INSTRUCTIONS TO FOLLOW: Reproduce from the records below, with no pictures, exactly the lines between the one containing "Hyundai Creta 1.6 Sx Plus Auto, 2017, Diesel" and the one containing "Honkai Star Rail Chapter 16 Trang 8", inclusive.

━━━━━ EXERCISE DATA ━━━━━

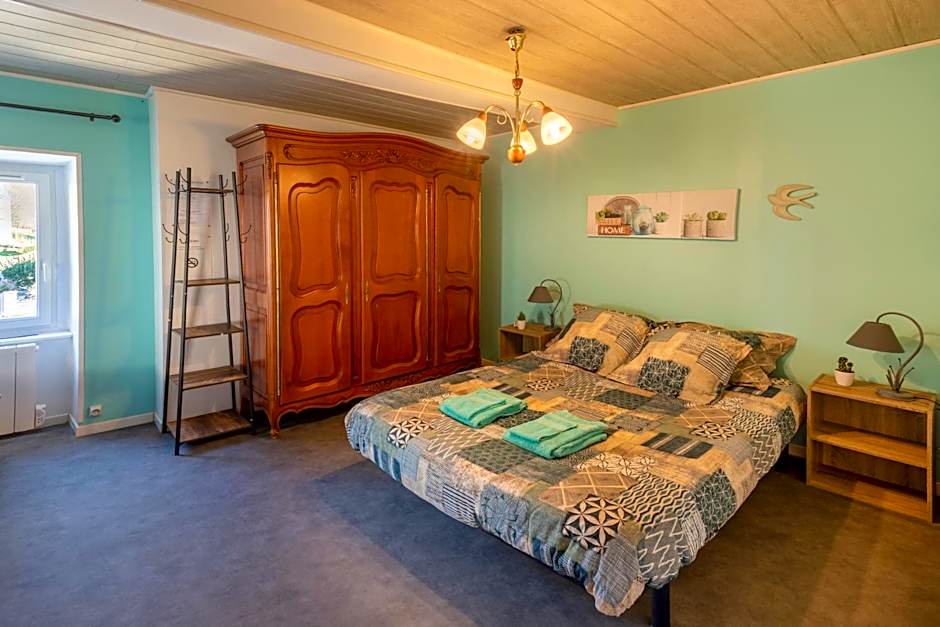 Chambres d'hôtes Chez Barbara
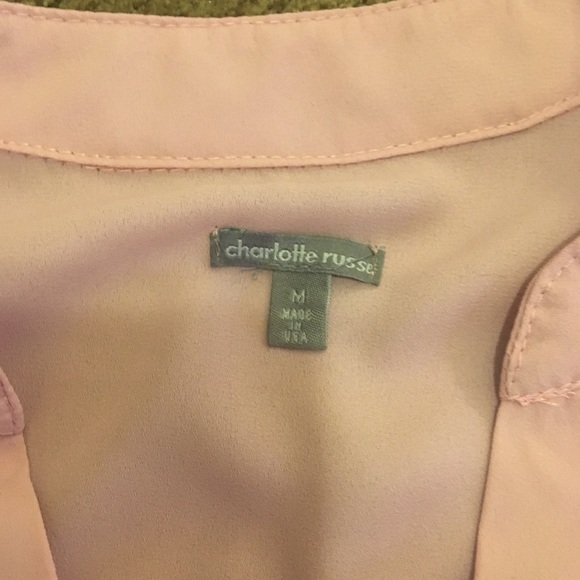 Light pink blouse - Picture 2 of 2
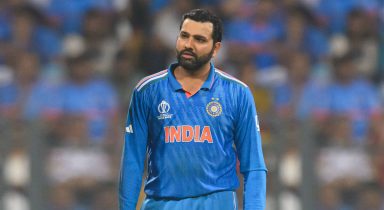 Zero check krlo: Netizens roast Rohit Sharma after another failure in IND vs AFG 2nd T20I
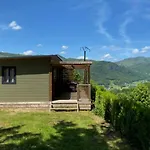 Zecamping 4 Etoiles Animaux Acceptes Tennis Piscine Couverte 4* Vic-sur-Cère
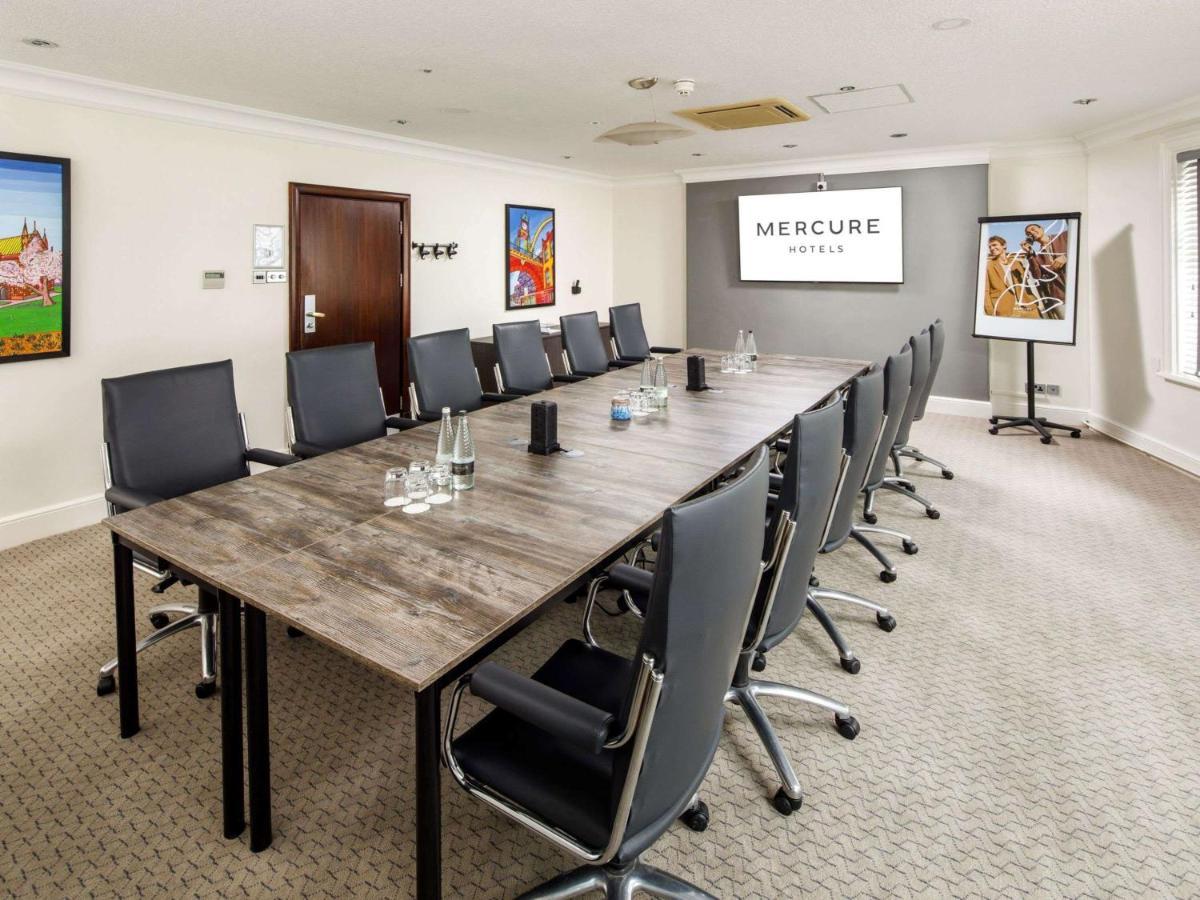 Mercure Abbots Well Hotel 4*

━━━━━
━━━━━ EXERCISE DATA ━━━━━

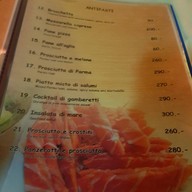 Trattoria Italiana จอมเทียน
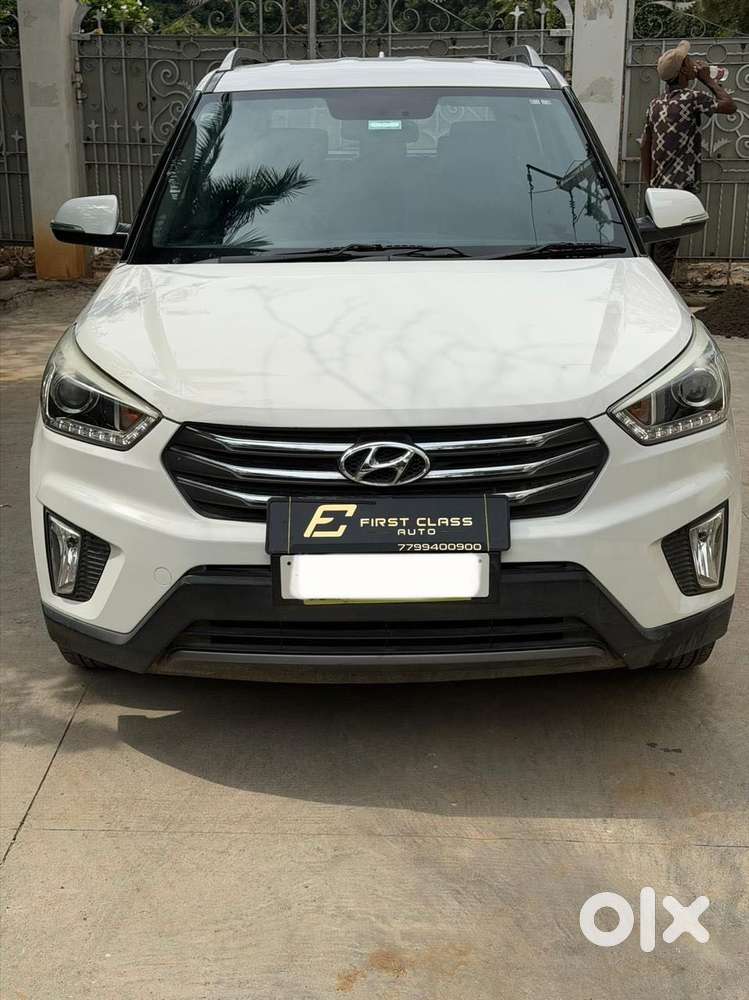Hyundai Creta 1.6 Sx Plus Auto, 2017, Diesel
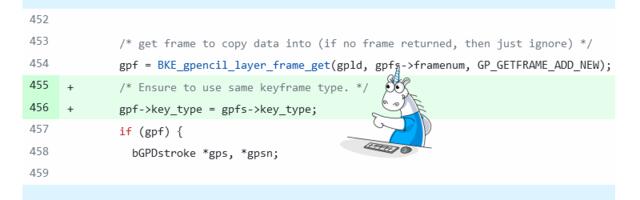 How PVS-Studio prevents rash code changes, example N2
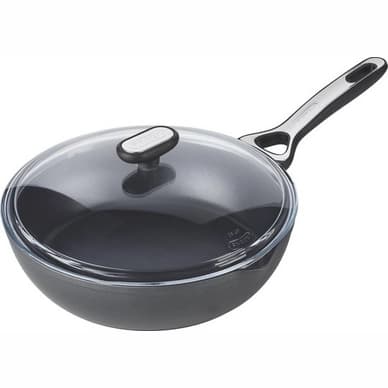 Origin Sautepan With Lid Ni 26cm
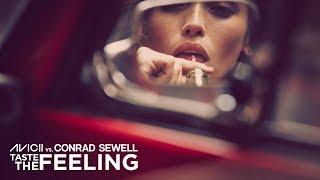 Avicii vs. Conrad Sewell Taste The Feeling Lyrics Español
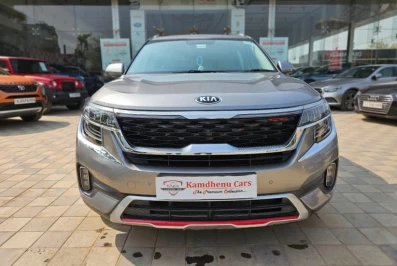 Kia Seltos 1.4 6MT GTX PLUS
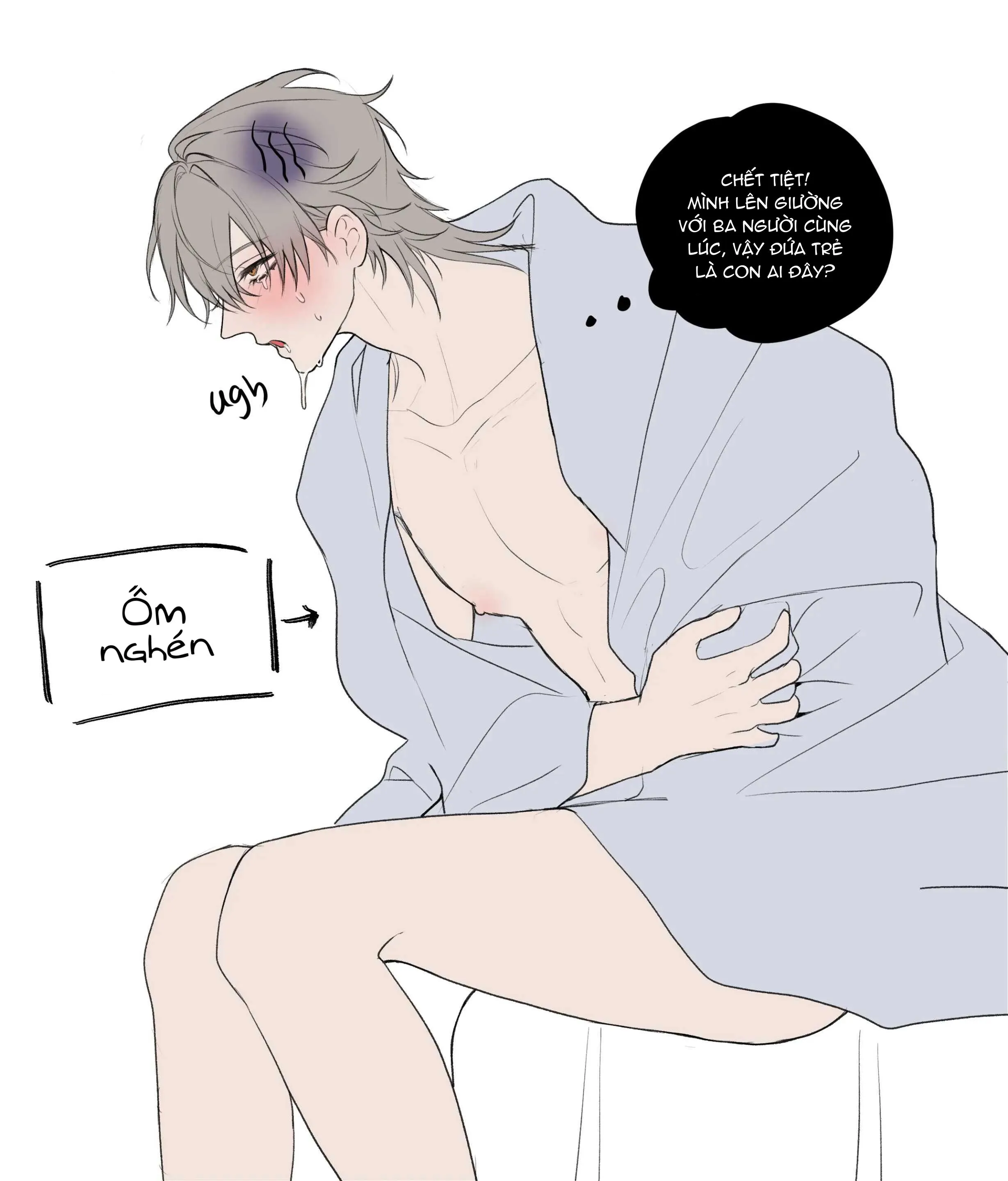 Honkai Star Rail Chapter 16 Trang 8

━━━━━

REPLY:
Hyundai Creta 1.6 Sx Plus Auto, 2017, Diesel
 How PVS-Studio prevents rash code changes, example N2
 Origin Sautepan With Lid Ni 26cm
 Avicii vs. Conrad Sewell Taste The Feeling Lyrics Español
 Kia Seltos 1.4 6MT GTX PLUS
 Honkai Star Rail Chapter 16 Trang 8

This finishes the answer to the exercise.